WPC instructor Fred Thompson described the economics curriculum in the September 1937 One Big Union Monthly. After reviewing increased productivity made possible by modern machinery, and working the increases as math problems, students
reached the inevitable conclusion that if we can produce so much more than we used to, and do not live more than a couple of times as well, it must be that the working class is gypped of a good part of what it is now able to produce.
To determine where this robbery happened, they turned to a hypothetical candy and ice cream store.
Suppose that there is a general complaint that where you buy your confections they charge such high prices that you are robbed. Will those who have no money to spend there be robbed? All agree the answer is “No” [The more they spend, the more they are robbed.] … Is it possible to explain that one class with plenty of money, and spending plenty of it, lives without working by assuming that when people go to buy they are robbed by high prices? And so these 12-year-old economists conclude that the gypping of the working class must be perpetuated by the time the worker gets his paycheck, that “exploitation occurs predominantly at the point of production.”
Similarly, students tackled the problem of unemployment, proving somewhat more astute than the U.S. Congress. When faced with the fact that 12 million lacked jobs, while 28 million worked for nine hours a day, they treated the problem as a simple mathematical problem, concluding that a six-hour day would allow for full employment.
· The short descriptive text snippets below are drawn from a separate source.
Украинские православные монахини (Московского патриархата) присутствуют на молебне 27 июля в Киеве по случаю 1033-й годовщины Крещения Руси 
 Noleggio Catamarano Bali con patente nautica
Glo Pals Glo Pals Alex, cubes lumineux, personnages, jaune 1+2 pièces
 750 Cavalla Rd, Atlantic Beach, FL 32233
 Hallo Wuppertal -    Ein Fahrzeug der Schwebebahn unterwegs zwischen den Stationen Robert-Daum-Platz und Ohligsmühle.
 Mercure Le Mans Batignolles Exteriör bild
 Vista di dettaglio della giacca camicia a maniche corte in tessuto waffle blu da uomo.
While the four-week summer program classes were structured by the WPC staff, students took charge of organizing social and recreational activities, putting their lessons in running meetings and organizing to practical use. Worker-students in the regular program played a more active role, helping arrange the curriculum, organizing the evening debates and lectures (as well as entertainments), and handling conflicts and discipline.
Work People’s College had neither traditional tests not grades nor diplomas. The faculty were not academics, but rather workers with many years’ experience as wage slaves and in labor agitation.
While there was a schedule of classes, Thompson recalled, there was little lecturing.Rather, students were encouraged to hunt up information and present it in the form of debates, soapbox talks, articles and skits, many of which found their way into the pages of the IWW press. (A WPC theater troupe also regularly toured northern Minnesota and Upper Michigan, performing for immigrant and labor groups.) One of those plays, “Banker’s Island,” told the story of three workers stranded on an island with a banker who used his supply of gold to get them to build him a home and provide him with the necessities of life. But they organized when the banker decreed that they could not eat the bounty on “his” island without paying for it, and reorganized things to suit themselves. After a few days the boss capitulated, agreeing to wash the dishes in exchange for an equal share of the food.
Regular classes ended in 1941 (the summer program continued for a few years) and the army seized the campus during World War II. WPC did not reopen, and its building was sold in 1953.